### Data records

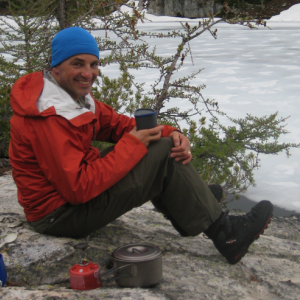Mark Peyron sitting on a rock, snow in background, wearing blue hat, red jacket, dark olive pants and hiking boots
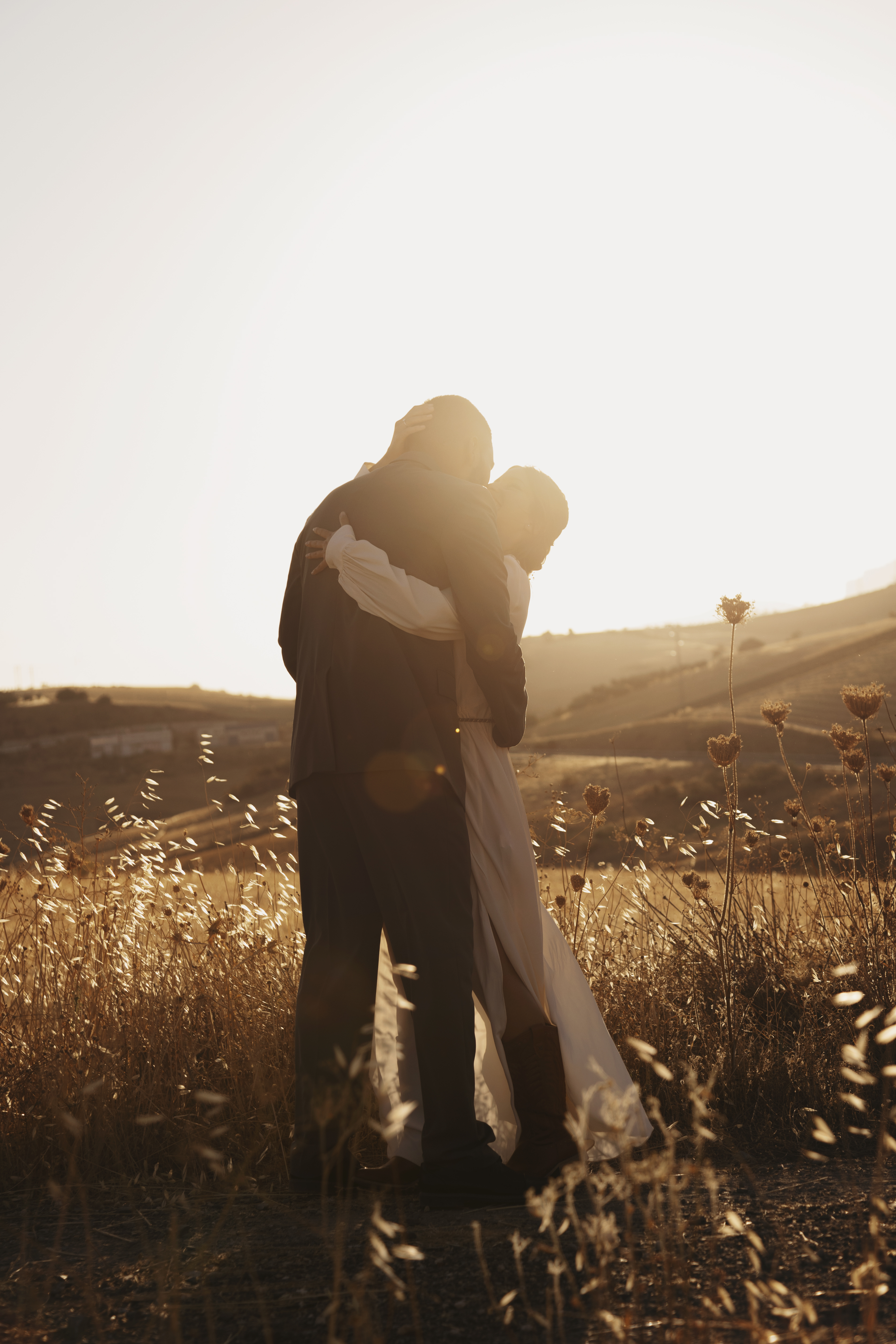 Married couple holding each other tightly, a song from Ed Sheeran, beautiful necklace for couple, wedding gift.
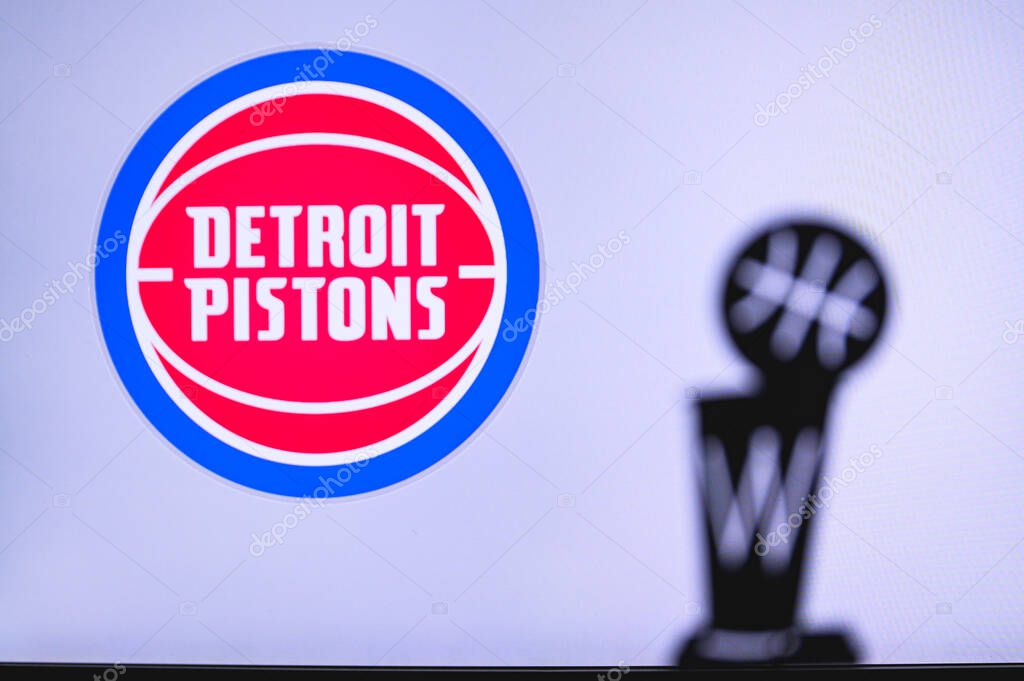 NEW YORK, USA, JUN 18, 2020: Detroit Pistons Basketball club on the white screen. Silhouette of NBA trophy in foreground.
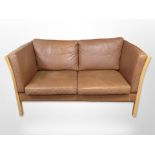 A late-20th century Danish brown stitched leather two-seater settee, with beech frame,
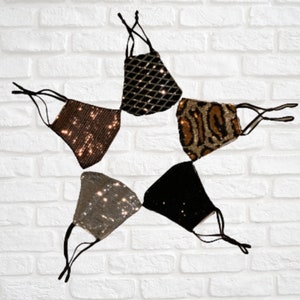 May include: Five different face masks made of sparkly fabric. The masks are in a star shape with the points facing outward. The masks are in the colors black, brown, gold, silver, and leopard print.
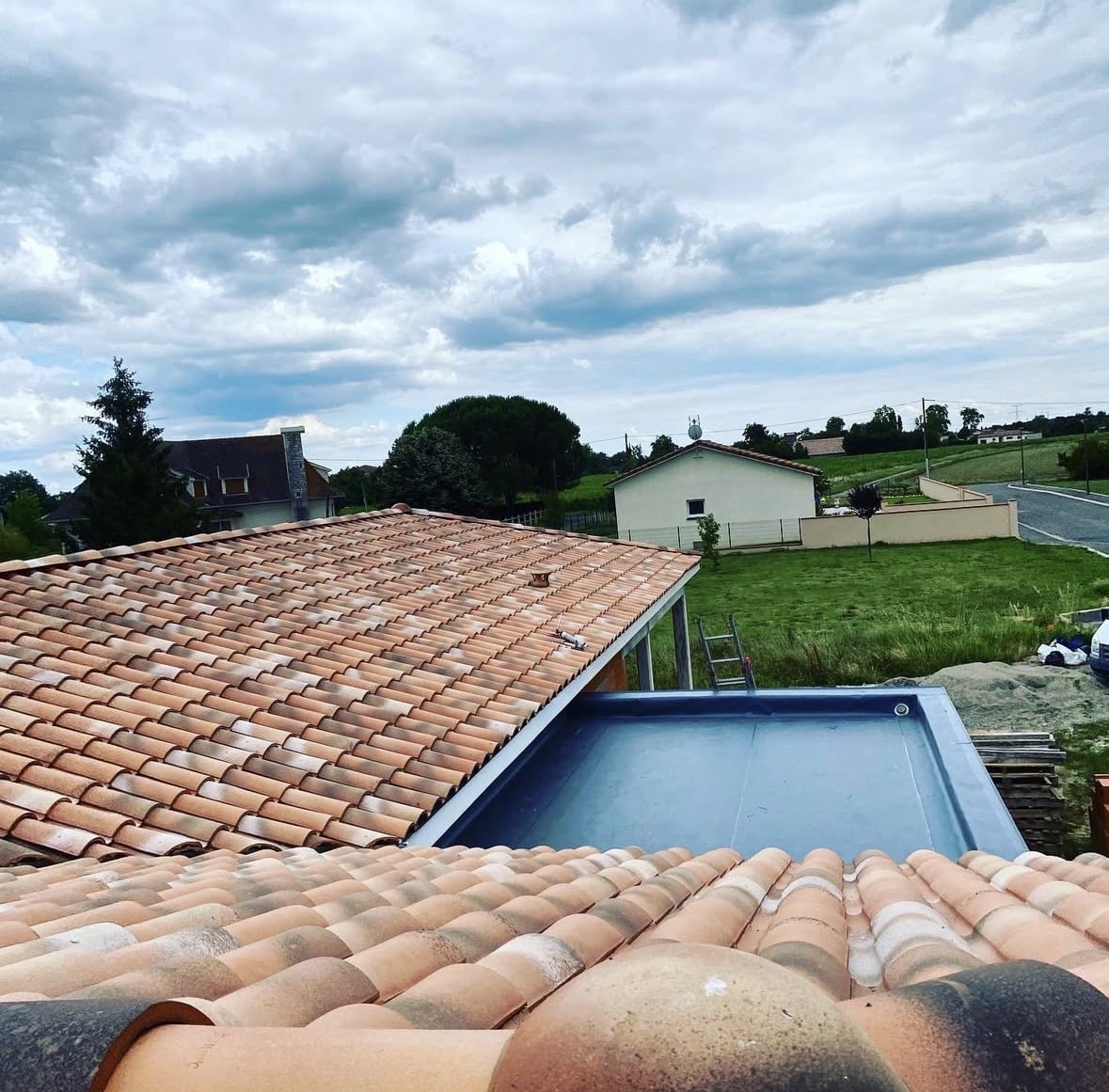 Toiture en tuiles terre cuite orange, extension toit plat et jardin sous un ciel nuageux.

######

Set the records down again word for word; the pictures stay out.

Mark Peyron sitting on a rock, snow in background, wearing blue hat, red jacket, dark olive pants and hiking boots
 Married couple holding each other tightly, a song from Ed Sheeran, beautiful necklace for couple, wedding gift.
 NEW YORK, USA, JUN 18, 2020: Detroit Pistons Basketball club on the white screen. Silhouette of NBA trophy in foreground.
 A late-20th century Danish brown stitched leather two-seater settee, with beech frame,
 May include: Five different face masks made of sparkly fabric. The masks are in a star shape with the points facing outward. The masks are in the colors black, brown, gold, silver, and leopard print.
 Toiture en tuiles terre cuite orange, extension toit plat et jardin sous un ciel nuageux.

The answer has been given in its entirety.